The primary mode of transmission of Ebola is unknown. Bats are thought to be the most likely reservoir (1). Some people have caught Ebola from contact with or by eating infected bushmeat. Secondary spread occurs through direct contact with infected patients, their body fluids or remains, so family members, hospital workers and those burying the dead are at greatest risk. The incubation period for infection ranges from 2 to 21 days (mean 4-9 days).
An interesting paper was published in the journal Scientific Reports in 2012 in which piglets were inoculated oronasally with Zaire ebolavirus (2). The piglets had a high temperature and rapid breathing for a few days but soon recovered. But they were infectious, spreading the virus through the air to macaques who developed symptoms of Ebola infection and had to be euthanised.
3. What’s the largest recorded Ebola outbreak?
The biggest outbreak to date was in Uganda in 2000, when 425 people were infected with Sudan ebolavirus – 224 died. Ebola is a little like the great white shark of the virus world. Before this current outbreak, there had only been 2317 clinical cases and 1671 confirmed deaths in the last 50 years (3), a negligible number compared to many other infectious diseases.
4. Do people with viral haemmorrhagic fever really bleed out of every orifice before they die?
The name viral haemorrhagic fever is a bit of a misnomer. In less than 10% of Ebola cases, patients will experience bleeding from their mucous membranes, including those in the nose, gums, gastrointestinal tract and vagina. Death occurs by multiple organ failure. Most frequently infected people will have a fever with chills, malaise, joint and muscle pain. They also may have a rash. Other symptoms include nausea, diarrhoea, vomiting, stomach pains, throat and chest pain, a cough. From there patients experience severe headaches and confusion which can progress to delirium and coma.
5. Why is this such a big story?
With the exception of the dead chimps and the scientist who recovered in the Ivory Coast, Ebola has never been reported from west Africa; the majority of outbreaks have been in central Africa. What has alarmed many is that the cases have moved from forest communities to the capital city, Conakry. The capital has a port and airports and, with an estimated population of 2 million, will be difficult to quarantine should the need arise.
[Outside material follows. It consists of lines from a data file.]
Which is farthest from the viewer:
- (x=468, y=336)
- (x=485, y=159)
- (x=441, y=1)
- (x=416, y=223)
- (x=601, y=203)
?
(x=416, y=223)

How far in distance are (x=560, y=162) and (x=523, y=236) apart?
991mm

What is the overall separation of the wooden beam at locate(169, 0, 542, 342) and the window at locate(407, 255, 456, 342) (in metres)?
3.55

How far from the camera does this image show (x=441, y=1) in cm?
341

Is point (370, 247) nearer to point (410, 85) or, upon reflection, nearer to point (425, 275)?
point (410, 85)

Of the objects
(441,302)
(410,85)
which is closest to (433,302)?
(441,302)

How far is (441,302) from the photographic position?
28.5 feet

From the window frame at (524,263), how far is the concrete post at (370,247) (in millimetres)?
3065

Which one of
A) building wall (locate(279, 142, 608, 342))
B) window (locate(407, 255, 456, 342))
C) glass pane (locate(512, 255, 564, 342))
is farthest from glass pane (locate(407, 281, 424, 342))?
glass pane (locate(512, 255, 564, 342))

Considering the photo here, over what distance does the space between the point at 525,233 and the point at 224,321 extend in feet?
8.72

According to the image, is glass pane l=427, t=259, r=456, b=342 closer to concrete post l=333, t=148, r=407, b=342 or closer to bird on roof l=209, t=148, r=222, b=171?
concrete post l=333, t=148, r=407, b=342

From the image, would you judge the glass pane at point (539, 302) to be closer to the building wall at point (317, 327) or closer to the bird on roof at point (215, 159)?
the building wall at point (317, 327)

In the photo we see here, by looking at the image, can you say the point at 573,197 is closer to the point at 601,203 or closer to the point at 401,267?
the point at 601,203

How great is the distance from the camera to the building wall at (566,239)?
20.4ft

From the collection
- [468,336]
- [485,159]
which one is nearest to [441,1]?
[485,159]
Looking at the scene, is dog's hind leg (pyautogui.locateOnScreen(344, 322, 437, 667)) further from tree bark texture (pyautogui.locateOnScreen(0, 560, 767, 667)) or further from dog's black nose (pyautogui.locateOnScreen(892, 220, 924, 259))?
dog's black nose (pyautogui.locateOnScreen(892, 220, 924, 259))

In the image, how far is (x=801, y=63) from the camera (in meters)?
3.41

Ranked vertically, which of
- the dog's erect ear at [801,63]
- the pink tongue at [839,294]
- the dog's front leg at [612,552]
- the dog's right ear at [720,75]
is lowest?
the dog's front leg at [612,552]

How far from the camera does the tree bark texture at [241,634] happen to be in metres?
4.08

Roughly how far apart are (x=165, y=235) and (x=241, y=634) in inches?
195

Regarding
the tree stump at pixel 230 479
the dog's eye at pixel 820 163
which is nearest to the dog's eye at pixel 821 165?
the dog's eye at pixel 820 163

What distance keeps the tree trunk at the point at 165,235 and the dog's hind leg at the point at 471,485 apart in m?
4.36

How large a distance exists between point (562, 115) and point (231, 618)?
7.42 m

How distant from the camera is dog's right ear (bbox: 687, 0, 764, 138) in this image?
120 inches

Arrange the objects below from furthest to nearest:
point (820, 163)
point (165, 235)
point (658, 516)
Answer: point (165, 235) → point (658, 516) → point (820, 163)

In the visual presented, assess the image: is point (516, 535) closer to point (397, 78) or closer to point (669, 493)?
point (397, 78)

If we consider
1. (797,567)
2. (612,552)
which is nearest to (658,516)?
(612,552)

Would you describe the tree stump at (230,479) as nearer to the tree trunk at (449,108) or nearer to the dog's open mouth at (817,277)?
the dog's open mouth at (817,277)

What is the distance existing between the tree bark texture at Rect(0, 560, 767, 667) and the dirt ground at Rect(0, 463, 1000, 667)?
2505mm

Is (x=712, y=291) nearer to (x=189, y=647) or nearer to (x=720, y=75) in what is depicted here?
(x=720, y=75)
6. Can survivors continue to shed virus?
Yes. Survivors from an outbreak in 1995 in the Democratic Republic of the Congo which killed 244 of the 315 people infected, were followed for several months afterwards. Researchers tested their tears, sweat, faeces, urine, saliva, semen, and vaginal secretions. For semen, 4 of the 5 convalescents tested had at least 1 specimen that tested positive for Ebola genetic material. The latest semen sample was obtained over 3 months after the onset of infection (4). There were no cases of transmission from those individuals with positive semen samples.
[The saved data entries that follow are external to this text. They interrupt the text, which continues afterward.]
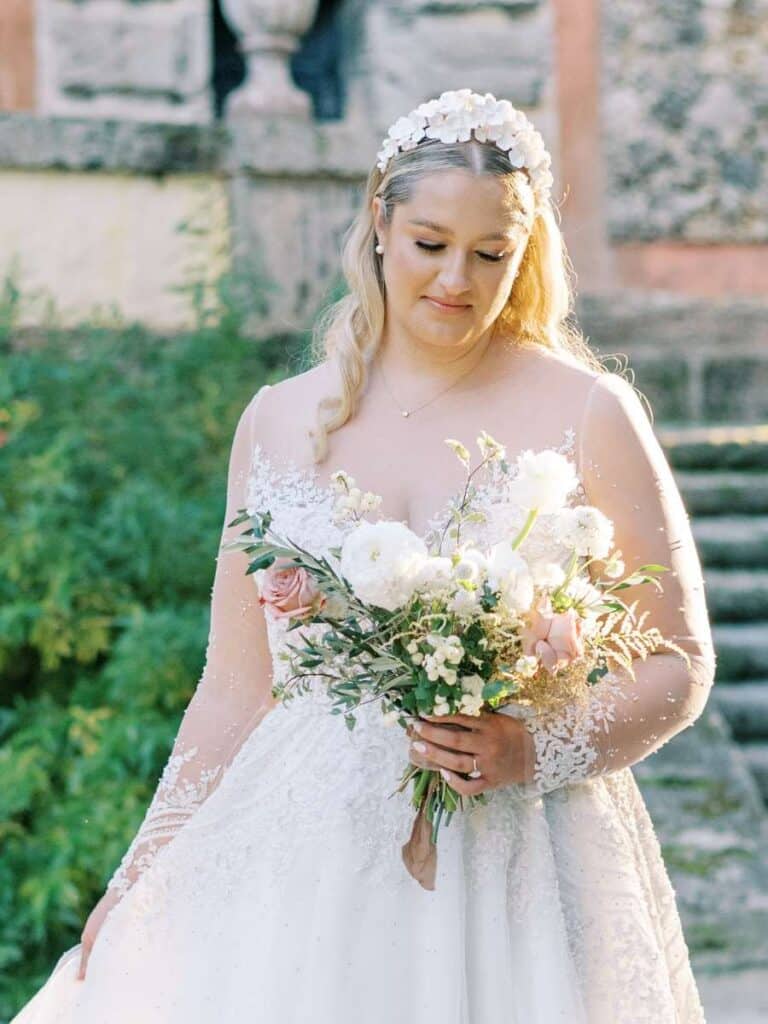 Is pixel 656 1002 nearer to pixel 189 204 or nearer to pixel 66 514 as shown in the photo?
pixel 66 514

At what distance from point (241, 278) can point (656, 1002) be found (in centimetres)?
380

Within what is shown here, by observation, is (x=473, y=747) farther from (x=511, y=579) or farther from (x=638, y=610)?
(x=638, y=610)

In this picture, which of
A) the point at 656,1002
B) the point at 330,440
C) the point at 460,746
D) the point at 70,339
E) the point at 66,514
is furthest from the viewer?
the point at 70,339

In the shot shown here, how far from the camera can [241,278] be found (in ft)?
19.2

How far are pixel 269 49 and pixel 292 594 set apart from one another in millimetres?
4571

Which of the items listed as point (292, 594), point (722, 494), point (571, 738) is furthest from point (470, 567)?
point (722, 494)

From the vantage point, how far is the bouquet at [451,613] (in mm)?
2176

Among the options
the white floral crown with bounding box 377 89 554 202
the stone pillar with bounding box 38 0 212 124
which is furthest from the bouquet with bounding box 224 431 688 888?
the stone pillar with bounding box 38 0 212 124

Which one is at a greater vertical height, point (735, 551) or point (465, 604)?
point (465, 604)

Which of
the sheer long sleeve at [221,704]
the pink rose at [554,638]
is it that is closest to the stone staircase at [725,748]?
the sheer long sleeve at [221,704]

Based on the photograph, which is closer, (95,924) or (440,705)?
(440,705)

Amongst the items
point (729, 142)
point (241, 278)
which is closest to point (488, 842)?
point (241, 278)

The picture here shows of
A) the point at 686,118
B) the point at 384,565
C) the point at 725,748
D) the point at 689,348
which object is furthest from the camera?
the point at 686,118

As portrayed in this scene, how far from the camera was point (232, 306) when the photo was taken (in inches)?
227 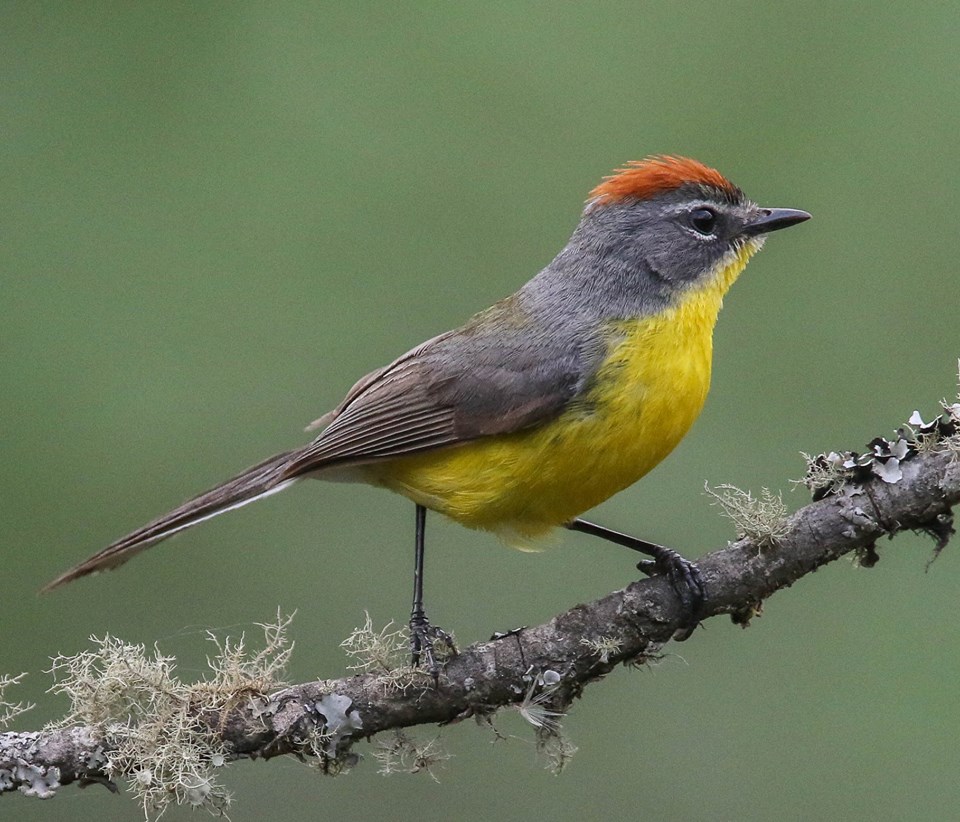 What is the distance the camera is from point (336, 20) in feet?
22.5

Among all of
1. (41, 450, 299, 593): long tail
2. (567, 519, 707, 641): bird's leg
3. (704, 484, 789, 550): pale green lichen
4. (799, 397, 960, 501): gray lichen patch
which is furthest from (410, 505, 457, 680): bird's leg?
(799, 397, 960, 501): gray lichen patch

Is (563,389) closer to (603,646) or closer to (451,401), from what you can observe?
(451,401)

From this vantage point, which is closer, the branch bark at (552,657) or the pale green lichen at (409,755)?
the branch bark at (552,657)

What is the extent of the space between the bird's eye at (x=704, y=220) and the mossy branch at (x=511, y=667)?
146 centimetres

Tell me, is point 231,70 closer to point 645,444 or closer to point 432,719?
point 645,444

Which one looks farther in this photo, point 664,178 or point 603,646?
point 664,178

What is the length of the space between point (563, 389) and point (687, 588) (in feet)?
3.14

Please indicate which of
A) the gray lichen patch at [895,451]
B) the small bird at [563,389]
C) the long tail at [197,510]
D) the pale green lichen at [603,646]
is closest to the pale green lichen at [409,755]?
the small bird at [563,389]

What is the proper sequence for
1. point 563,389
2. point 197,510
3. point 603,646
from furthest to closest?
point 197,510 → point 563,389 → point 603,646

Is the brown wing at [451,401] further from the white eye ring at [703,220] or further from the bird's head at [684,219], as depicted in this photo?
the white eye ring at [703,220]

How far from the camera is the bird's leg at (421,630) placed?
12.8 ft

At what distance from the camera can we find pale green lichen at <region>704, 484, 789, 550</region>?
3779mm

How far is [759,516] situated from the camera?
380 cm

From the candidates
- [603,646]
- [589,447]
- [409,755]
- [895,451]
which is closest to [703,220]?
[589,447]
* Go read Richard Preston’s book The Hot Zone, which is all about the outbreak in Reston.
1. Leroy EM, Kumulungui B, Pourrut X, Rouquet P, Hassanin A, Yaba P, Délicat A, Paweska JT, Gonzalez JP, Swanepoel R (2005). Fruit bats as reservoirs of Ebola virus. Nature. 2005 Dec 1;438(7068):575-6.
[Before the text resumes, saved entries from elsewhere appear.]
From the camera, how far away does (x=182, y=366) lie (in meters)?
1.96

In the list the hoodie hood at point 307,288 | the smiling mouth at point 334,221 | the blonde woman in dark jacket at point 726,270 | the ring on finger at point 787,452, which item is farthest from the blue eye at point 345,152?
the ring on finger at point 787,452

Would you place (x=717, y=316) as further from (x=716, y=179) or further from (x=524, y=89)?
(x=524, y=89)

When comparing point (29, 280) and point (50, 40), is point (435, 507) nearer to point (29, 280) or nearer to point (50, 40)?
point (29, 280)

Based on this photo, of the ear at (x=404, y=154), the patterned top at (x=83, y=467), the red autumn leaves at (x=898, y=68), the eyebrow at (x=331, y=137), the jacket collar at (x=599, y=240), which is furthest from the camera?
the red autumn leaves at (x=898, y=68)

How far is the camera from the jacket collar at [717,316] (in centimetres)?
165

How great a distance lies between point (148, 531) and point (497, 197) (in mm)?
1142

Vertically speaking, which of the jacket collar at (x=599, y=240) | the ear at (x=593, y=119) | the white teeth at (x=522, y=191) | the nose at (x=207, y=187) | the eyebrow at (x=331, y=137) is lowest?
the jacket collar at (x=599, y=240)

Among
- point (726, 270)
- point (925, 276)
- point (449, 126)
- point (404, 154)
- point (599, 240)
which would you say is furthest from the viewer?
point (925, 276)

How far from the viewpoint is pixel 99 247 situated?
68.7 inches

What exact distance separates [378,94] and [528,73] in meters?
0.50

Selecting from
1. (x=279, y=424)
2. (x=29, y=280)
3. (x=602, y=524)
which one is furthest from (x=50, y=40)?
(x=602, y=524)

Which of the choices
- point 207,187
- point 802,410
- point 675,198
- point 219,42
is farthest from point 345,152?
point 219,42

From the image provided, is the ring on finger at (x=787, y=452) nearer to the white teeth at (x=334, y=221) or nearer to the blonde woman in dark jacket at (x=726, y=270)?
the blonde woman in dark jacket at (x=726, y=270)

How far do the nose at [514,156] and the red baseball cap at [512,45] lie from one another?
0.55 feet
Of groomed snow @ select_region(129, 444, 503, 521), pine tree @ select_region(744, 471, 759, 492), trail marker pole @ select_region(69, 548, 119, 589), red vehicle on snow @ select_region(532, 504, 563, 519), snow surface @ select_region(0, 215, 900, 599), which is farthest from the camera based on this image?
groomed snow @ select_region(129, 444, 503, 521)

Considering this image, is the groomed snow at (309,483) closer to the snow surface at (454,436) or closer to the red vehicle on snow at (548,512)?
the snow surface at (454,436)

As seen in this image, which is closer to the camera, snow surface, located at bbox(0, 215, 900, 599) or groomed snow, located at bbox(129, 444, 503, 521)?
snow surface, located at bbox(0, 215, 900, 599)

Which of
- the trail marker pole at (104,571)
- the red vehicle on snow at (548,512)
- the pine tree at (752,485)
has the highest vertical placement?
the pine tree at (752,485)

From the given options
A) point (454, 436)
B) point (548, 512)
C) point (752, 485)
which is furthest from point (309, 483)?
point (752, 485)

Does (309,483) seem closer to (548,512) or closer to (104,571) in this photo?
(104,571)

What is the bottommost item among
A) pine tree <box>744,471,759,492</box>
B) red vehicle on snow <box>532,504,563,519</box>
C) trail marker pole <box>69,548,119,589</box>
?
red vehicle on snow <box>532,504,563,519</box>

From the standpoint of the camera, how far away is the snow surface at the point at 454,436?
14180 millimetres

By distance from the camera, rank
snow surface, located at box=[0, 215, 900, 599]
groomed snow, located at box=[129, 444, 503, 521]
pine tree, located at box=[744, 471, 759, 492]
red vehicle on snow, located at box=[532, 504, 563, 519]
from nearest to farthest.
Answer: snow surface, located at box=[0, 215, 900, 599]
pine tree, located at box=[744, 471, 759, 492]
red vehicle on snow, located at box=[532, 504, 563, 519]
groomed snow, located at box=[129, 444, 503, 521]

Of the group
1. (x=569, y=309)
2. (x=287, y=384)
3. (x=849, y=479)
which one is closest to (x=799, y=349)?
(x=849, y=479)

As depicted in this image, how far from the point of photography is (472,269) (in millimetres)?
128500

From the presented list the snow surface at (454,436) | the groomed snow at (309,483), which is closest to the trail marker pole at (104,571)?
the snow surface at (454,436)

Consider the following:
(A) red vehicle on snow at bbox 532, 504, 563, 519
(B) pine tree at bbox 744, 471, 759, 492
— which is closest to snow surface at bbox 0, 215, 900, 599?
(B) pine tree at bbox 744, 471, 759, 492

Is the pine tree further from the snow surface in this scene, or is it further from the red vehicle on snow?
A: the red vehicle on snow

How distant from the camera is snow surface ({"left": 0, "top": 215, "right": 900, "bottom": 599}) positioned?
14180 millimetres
2. Weingartl HM, Embury-Hyatt C, Nfon C, Leung A, Smith G, Kobinger G (2012). Transmission of Ebola virus from pigs to non-human primates. Sci Rep. 2012;2:811. doi: 10.1038/srep00811. Epub 2012 Nov 15.
3. Leroy EM, Gonzalez JP, Baize S (2011) Clin Microbiol Infect. 17(7):964-76. doi: 10.1111/j.1469-0691.2011.03535.x
4. Rowe A1, Bertolli J, Khan AS, Mukunu R, Muyembe-Tamfum JJ, Bressler D, Williams AJ, Peters CJ, Rodriguez L, Feldmann H, Nichol ST, Rollin PE, Ksiazek TG (1999). Clinical, virologic, and immunologic follow-up of convalescent Ebola hemorrhagic fever patients and their household contacts, Kikwit, Democratic Republic of the Congo. Commission de Lutte contre les Epidémies à Kikwit. J Infect Dis. 1999 Feb;179 Suppl 1:S28-35.